The sun burns the back of my neck and we stop for water. Boys gather around me, curious because I am on foot with two Afghans and no vehicle in sight. I look at them closely, but they are not my boys. I pass around the photo. Nothing. They don’t know them. More angry men I don’t recognize demand I fulfill promises I don’t think I ever made.

“When there was civil war here, all the world was quiet,” Aziz says, gripping my elbow. “Now the world is getting quiet again, but it is worse. The people are angrier, hungrier than before.”

We wend our way through the crowd of distorted faces jockeying for my attention. Hamid climbs a steep, narrow path leading up a mountain toward adobe houses. After an hour, we reach the top and enter a square mud hut. Hamid kicks off his sandals, crosses a thickly carpeted floor, and withdraws from behind a curtain a plate of naan—long, snowshoe-shaped flatbread. He greets his mother. She watches him eat. She has severe rheumatism and cannot work. Hamid’s father died three years ago. Natural causes. Hamid dropped out of regular school to work and help provide for his family. I tell her about the boys, but she remains focused on Hamid. She expects him to earn one dollar a day, enough to buy seven loaves of naan. “Is naan enough?” I ask.

“No, it is not enough. But with tea it is enough.”

When he finishes eating, Hamid descends the mountain, leaping from one boulder to the next, and I slide on my ass after him. Back on the street, he pauses at vendor stalls, offering his bags to the Westerners who bargain over small piles of tea, soap, and nuts. I try to show the boys’ photo, but merchants wave both Hamid and me away. I am discouraged, but Hamid walks on, undeterred. Above us the sky darkens and the wind picks up and knee-high dust devils unspool around us. We raise our faces, feeling the first hints of rain. Soon the heavy drops pick up and gather into a downpour. We duck under the umbrella of a fruit wagon. Shoppers run and Hamid chases after them, his hand-me-down pink polo shirt clinging to his drenched body. A woman buys a bag from him, covers her head and hurries away. Then I lose sight of him in the wet torrential blackness that consumes the market.

Old Man
Unemployed men wait for day labor in Kabul behind an herb merchant.

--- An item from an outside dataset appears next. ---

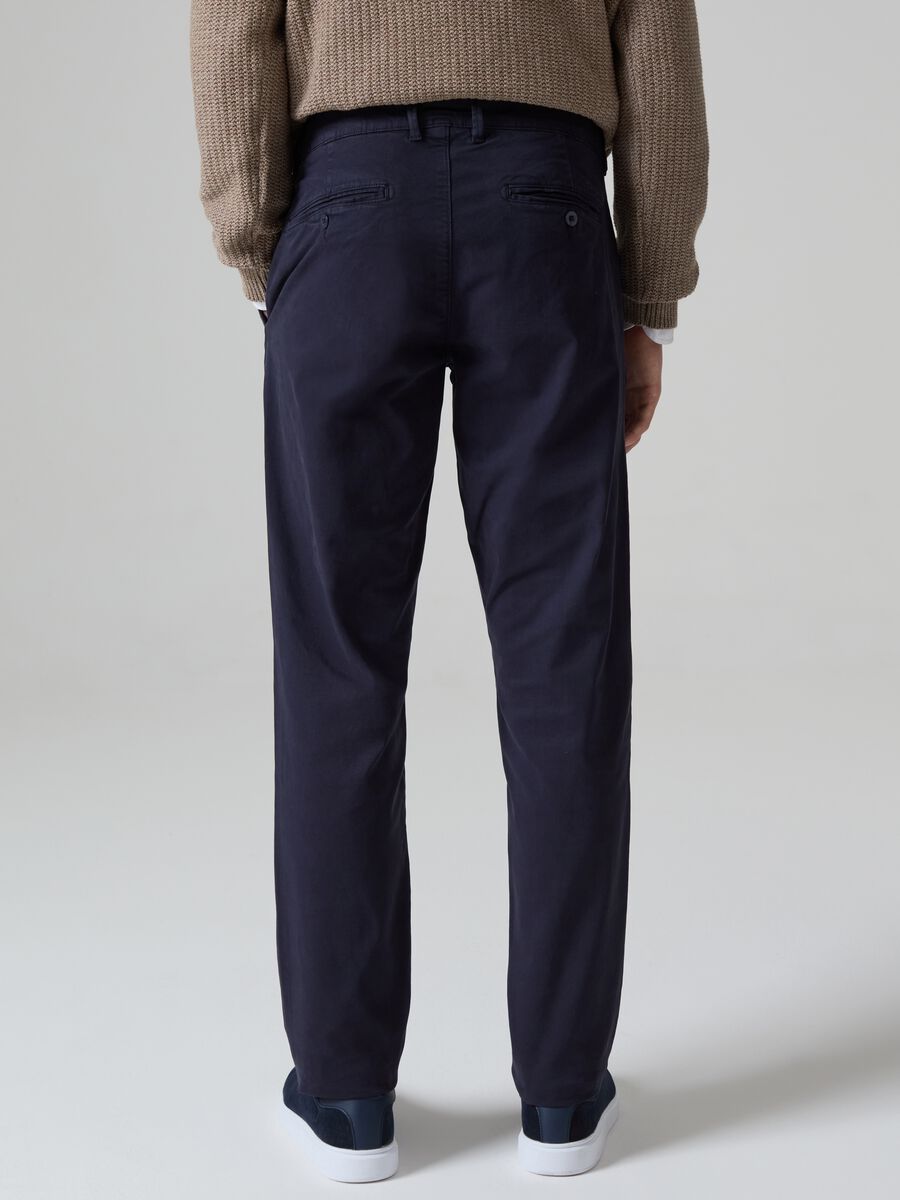 Pantalone chino slim fit in cotone stretch_2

At night, I dream of the boys. I dream I am with them in the back room of the pharmacy where Bro’s brother works, where we used to tutor them. We greet one another with the high-fives I taught them, then go over their assignments. Bro corrects their Persian, then I walk them through their ABCs and simple phrases: good morning, how are you, have a nice day. The boys, eager for lunch, look at a clock. We give their mothers rice and beans when they do well, as a way to keep them in school. But I tell Mr. Chocolate I will not feed him today or give his mother food. He dropped out of Aschiana to hustle the streets full-time. His father was killed in the fighting—all their fathers were—but an education, I insist, would provide more for him than polishing shoes. I dismiss him, and he walks out the door into sunlight and disappears.

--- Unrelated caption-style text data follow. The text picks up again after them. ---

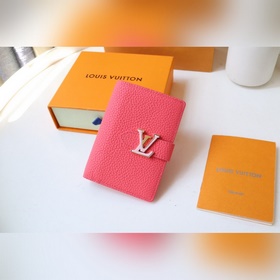 Короткий кошелек LV Vertical M82461 Вишневый Цвет Этот кошелек из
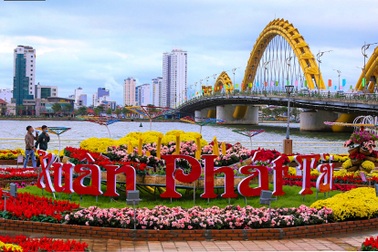 Đà Nẵng yêu cầu lãnh đạo không dùng xe công đi chơi Tết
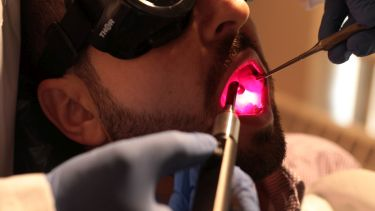 Content Dam Bow Online Articles 2019 02 Laser Light Dental Web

I begin to wake up, linger in half-sleep. My boys stand in the middle of the road and wave. I watch them shrink in Bro’s rearview mirror. I’ll be back very soon, I call out on my way to the airport. I’ll be back very soon.

Storefront
Boys sweep away rainwater from a sudden downpour in Kabul.

At midday, Aziz and I sit in Red Hot ’n’ Sizzlin’ Restaurant, part of Red Sea’s gated community. I am trying to decide on our next move for finding the boys, but the prices distract Aziz from our conversation. “A Pepsi is one dollar,” he whispers. “In the bazaar you could get four for that.” He compares other prices, seeing only the amount of food he could buy with another man’s disposable income.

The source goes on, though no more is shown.